[[ Dataset records open ]]

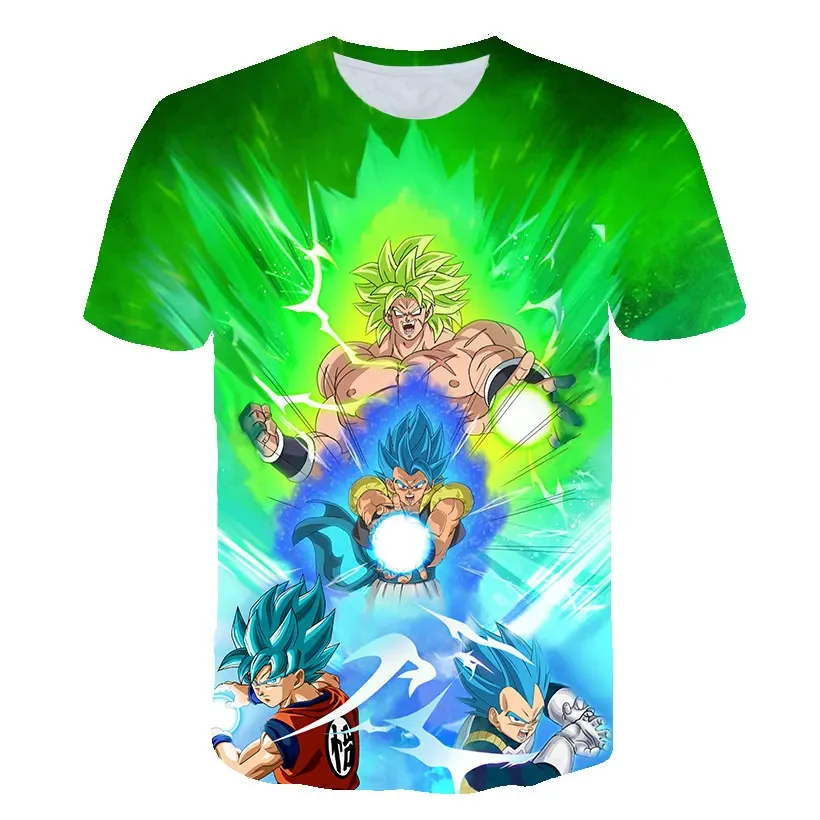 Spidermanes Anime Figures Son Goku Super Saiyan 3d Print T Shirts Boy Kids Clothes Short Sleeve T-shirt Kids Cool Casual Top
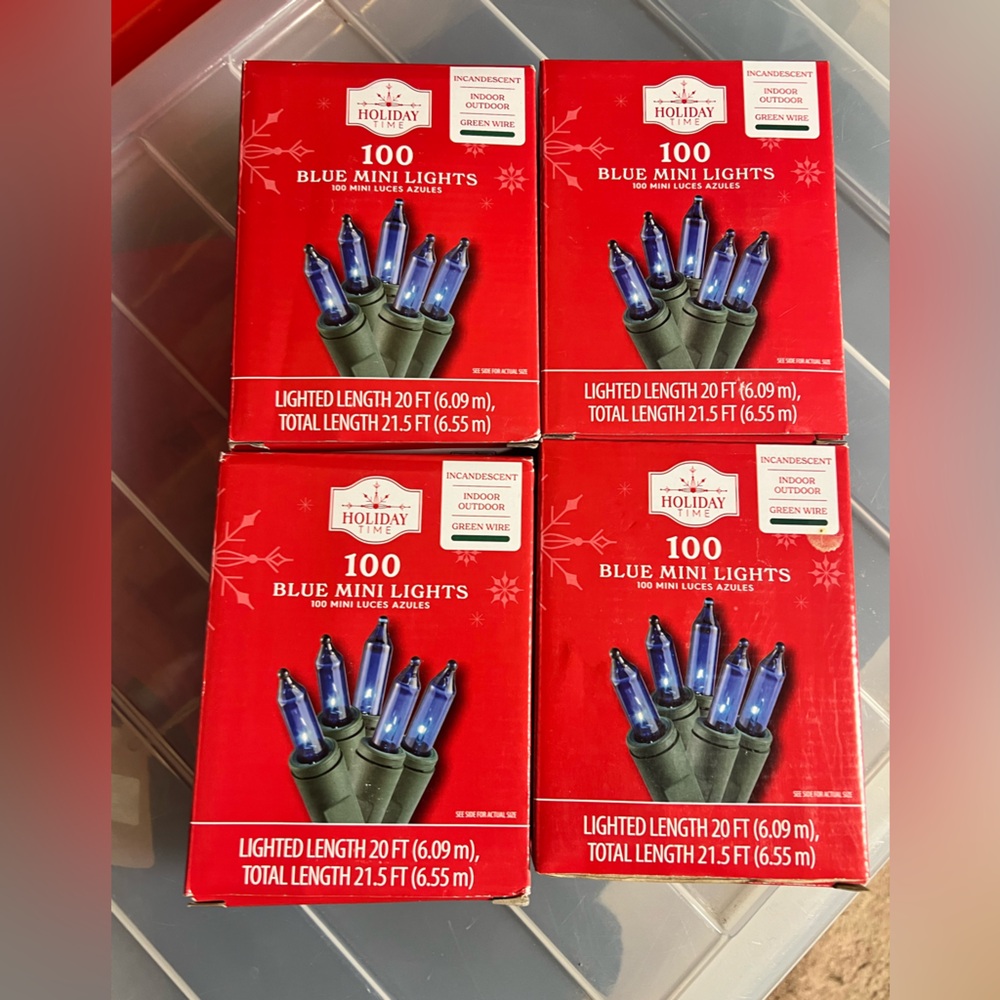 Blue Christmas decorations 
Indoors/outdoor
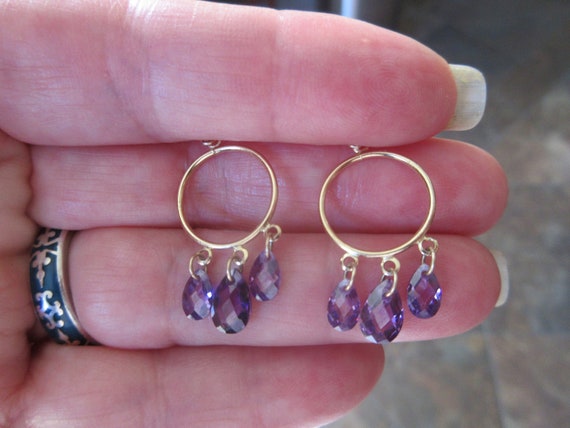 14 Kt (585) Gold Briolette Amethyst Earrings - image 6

[[ Dataset records closed ]]
[[ Dataset records open ]]

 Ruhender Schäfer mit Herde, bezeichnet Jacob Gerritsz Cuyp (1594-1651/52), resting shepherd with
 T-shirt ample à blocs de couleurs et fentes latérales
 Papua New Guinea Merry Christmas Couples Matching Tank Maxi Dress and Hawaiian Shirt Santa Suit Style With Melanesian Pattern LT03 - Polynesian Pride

[[ Dataset records closed ]]
[[ Dataset records open ]]

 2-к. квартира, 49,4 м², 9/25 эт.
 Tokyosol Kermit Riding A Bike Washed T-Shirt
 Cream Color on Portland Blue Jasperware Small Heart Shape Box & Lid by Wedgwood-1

[[ Dataset records closed ]]

Starting with the line that contains "Blue Christmas decorations" and finishing with the line that contains "14 Kt (585)", reproduce every line of the material above exactly, but not the pictures.

Answer to this exercise
 Blue Christmas decorations 
Indoors/outdoor
 14 Kt (585) Gold Briolette Amethyst Earrings - image 6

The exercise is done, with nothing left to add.